Curious. How are you using the angle cube to set thickness on your planer? I have the same planer, but with a DRO on it (Wixey), which works great for setting thickness, but I do not get how an angle cube could be used for it.

Rick


----------



## DesertRatTom (Jul 3, 2012)

RickKr said:


> Curious. How are you using the angle cube to set thickness on your planer? I have the same planer, but with a DRO on it (Wixey), which works great for setting thickness, but I do not get how an angle cube could be used for it.
> 
> Rick


I have the Wixey brand unit for planers. Don't use the angel finder for the planer. Sorry, didn't make that clear.


----------



## coxhaus (Jul 18, 2011)

I use my old one on everything not just a table saw. I also used it recently on my jointer. I needed to joint some threshold boards at 45 degrees for my iRobot vacuum. It was having problems bouncing over the 90 degree thresholds.


----------



## jw2170 (Jan 24, 2008)

Yep, those and digital calipers. 

Battery flat every time I go to use them......LOL


----------



## DesertRatTom (Jul 3, 2012)

I bought all the digital gadgets and every one always has dead batteries when I tried to use em. So I've gone back to dial devices. Mechanices in this case beats electronics.


----------



## JGC (Aug 2, 2009)

jw2170 said:


> Yep, those and digital calipers.
> 
> Battery flat every time I go to use them......LOL


Yep, the cheap digital calipers are fantastic things ... if you just want to use them for scribing lines, 'cos no batteries required for that function ... ;-)

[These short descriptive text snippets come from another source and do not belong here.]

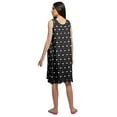 thumbnail image 4 of Moomaya Printed Sleeveless Nightdress For Ladies Button Placket Nightwear, 4 of 6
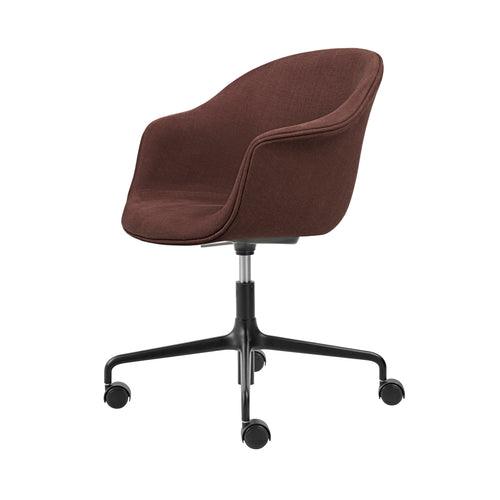 Bat Meeting Chair: 4 Star Height Adjustable + Fully Upholstered + With Castors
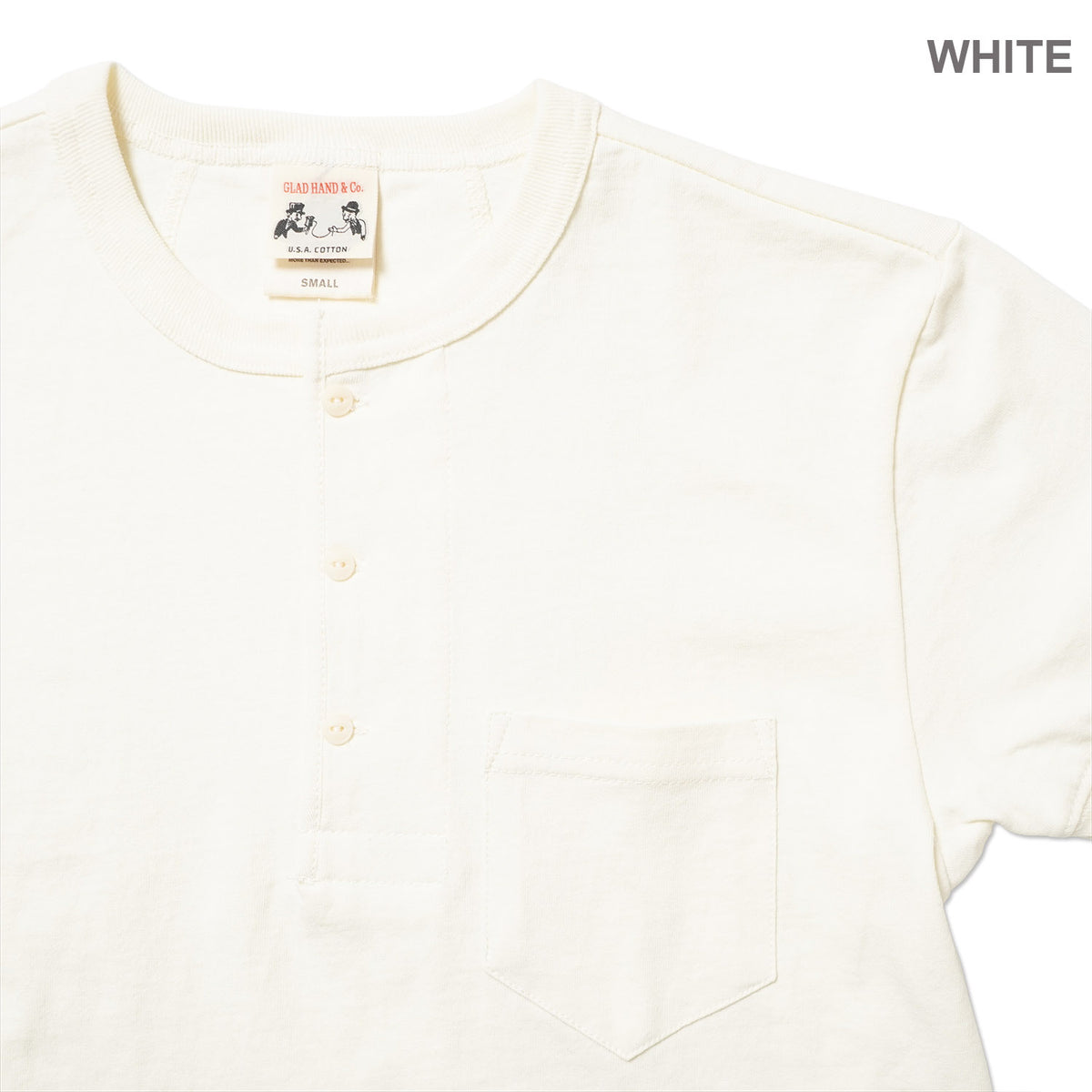 GLAD HAND グラッドハンド Ｔシャツ STANDARD HENRY POCKET T-SHIRTS GLADHAND-13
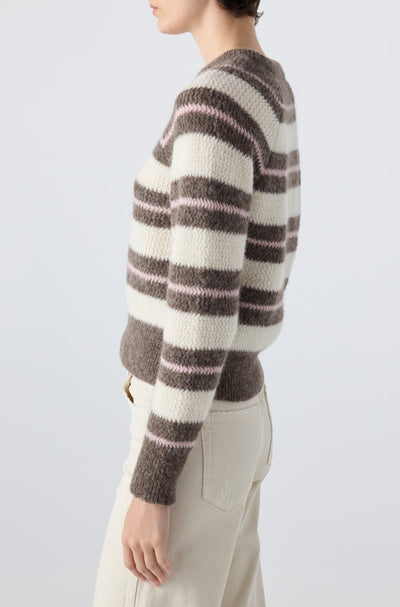 SYDNEY SWEATER IN COCOA/BONE MULTI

In case you don't know, with the cheap digital calipers, you are only ever switching off the display. The electronics are still powered up so that the unit knows where it is when you switch it on, or it powers up automatically because the gauge has moved a whisker.

However the quality items, like the Mitutoyo range, do switch off/off when you press the button, because they use a completely different method of calculating the distances ...


----------